§ **DATA EXTRACT**:
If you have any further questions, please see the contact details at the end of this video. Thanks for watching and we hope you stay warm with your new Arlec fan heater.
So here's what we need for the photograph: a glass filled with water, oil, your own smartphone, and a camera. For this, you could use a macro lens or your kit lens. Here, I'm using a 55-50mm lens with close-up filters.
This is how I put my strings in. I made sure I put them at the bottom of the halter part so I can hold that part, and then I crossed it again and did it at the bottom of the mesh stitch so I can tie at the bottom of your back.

...

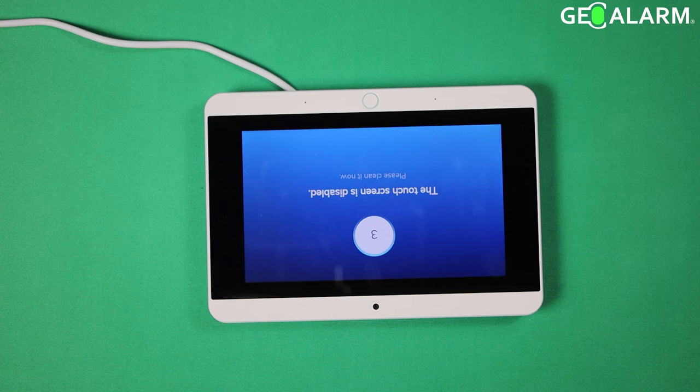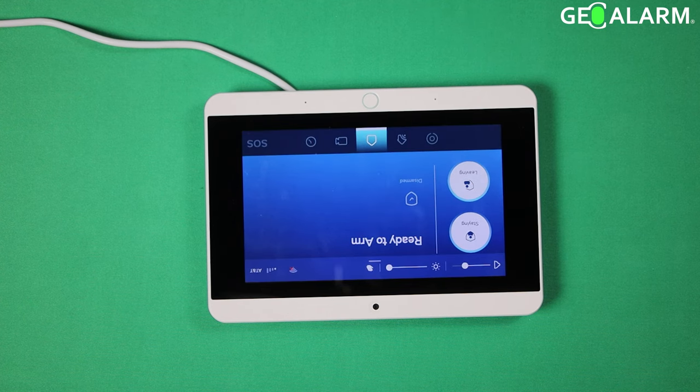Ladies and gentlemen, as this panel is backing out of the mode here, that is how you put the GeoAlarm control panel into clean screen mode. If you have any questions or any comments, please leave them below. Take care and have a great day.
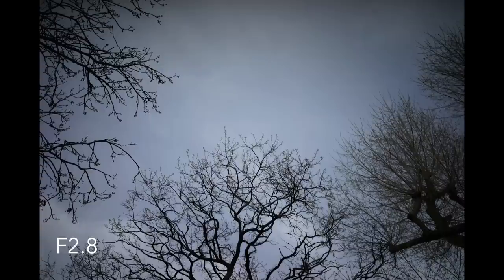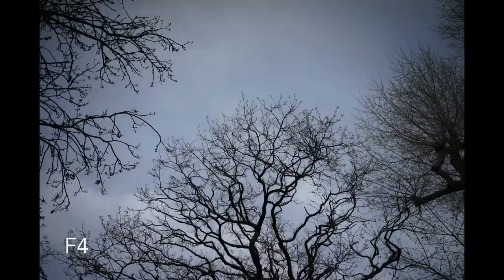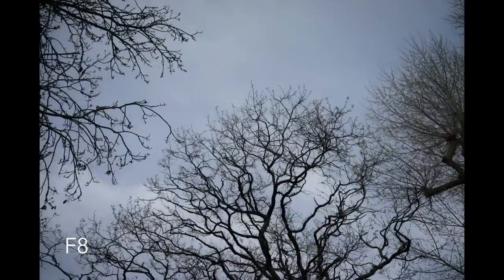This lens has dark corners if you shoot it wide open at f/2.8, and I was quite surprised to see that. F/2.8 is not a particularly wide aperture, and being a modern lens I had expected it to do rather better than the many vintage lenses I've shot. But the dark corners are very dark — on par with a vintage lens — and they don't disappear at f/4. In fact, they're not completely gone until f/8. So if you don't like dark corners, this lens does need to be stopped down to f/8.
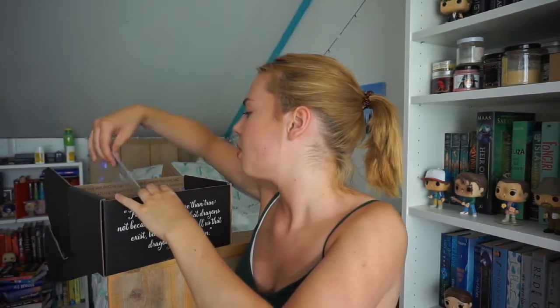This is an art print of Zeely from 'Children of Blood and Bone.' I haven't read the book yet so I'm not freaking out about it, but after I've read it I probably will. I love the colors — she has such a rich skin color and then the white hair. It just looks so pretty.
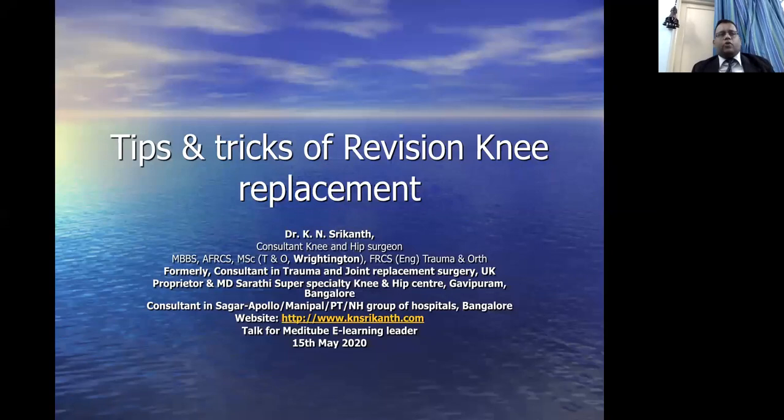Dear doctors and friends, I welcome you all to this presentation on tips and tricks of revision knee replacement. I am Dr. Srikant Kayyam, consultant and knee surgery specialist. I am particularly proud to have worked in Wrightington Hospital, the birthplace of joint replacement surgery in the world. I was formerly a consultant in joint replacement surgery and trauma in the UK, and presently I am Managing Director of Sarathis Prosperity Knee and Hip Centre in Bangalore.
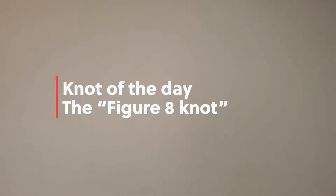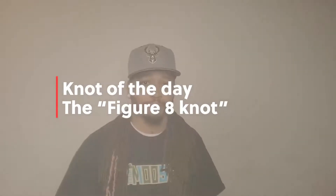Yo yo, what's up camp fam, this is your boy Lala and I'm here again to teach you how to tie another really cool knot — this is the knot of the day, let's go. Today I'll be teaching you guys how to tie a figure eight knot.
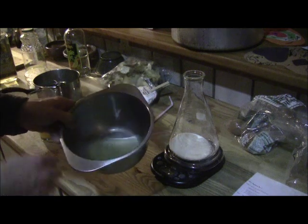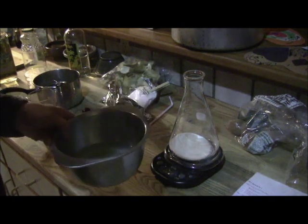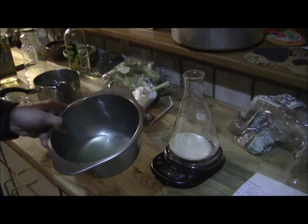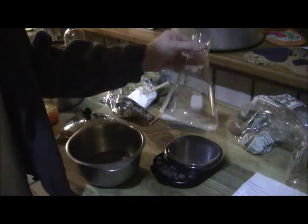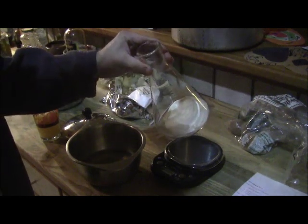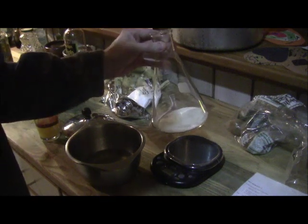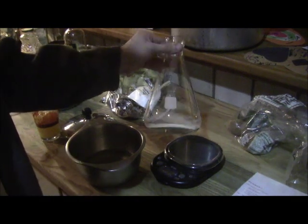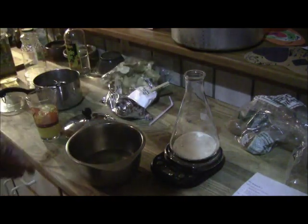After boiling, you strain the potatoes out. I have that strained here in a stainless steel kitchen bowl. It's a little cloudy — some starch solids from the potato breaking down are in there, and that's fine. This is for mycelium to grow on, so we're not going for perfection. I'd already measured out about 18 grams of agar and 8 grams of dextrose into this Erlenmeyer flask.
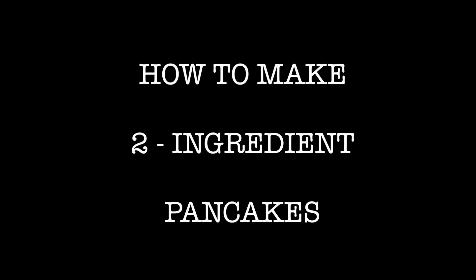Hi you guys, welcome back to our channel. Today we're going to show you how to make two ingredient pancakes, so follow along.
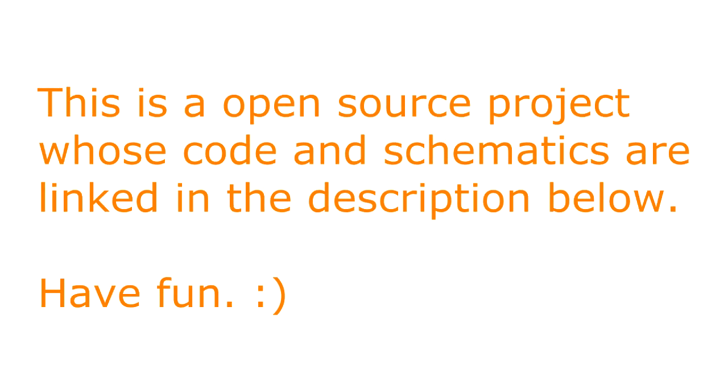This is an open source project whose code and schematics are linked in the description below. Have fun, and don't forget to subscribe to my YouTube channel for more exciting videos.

==

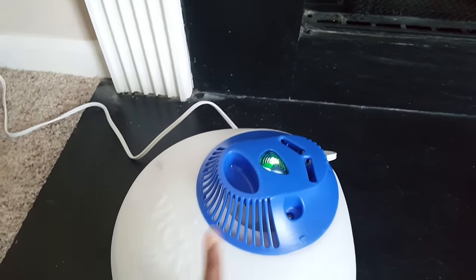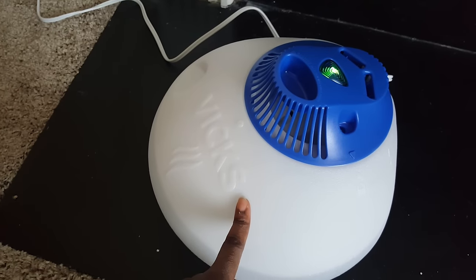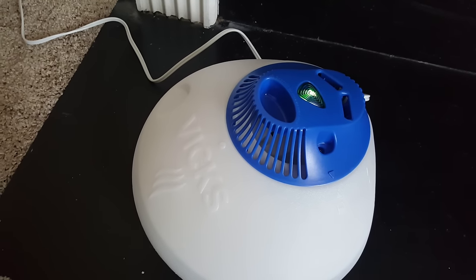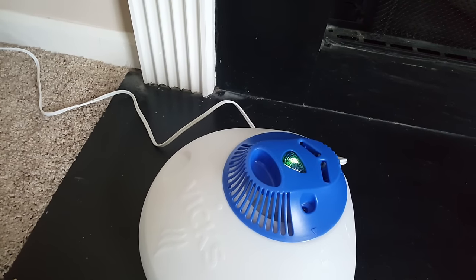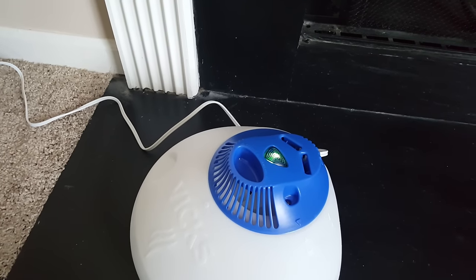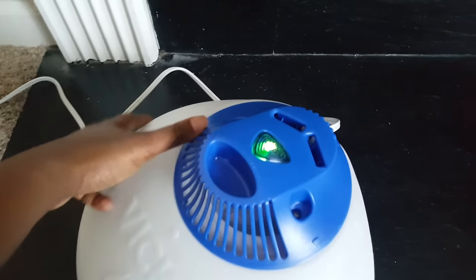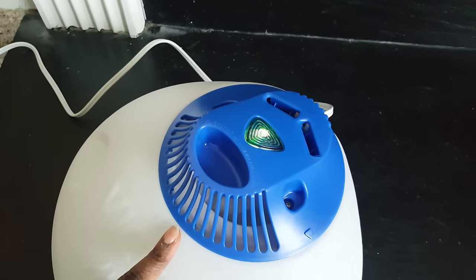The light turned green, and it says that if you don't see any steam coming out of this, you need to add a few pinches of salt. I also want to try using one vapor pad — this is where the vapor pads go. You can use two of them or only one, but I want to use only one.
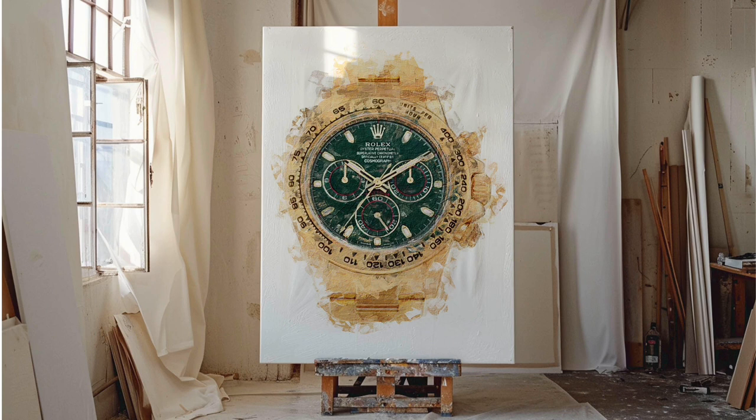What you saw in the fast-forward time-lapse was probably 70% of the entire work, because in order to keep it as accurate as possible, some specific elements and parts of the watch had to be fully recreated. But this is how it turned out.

§ **EXERCISE BRIEF**: Working from the records above, write out verbatim only the lines from the line containing "So here's what" through the line containing "This is how I put".

§ **TASK SOLUTION**:
So here's what we need for the photograph: a glass filled with water, oil, your own smartphone, and a camera. For this, you could use a macro lens or your kit lens. Here, I'm using a 55-50mm lens with close-up filters.
This is how I put my strings in. I made sure I put them at the bottom of the halter part so I can hold that part, and then I crossed it again and did it at the bottom of the mesh stitch so I can tie at the bottom of your back.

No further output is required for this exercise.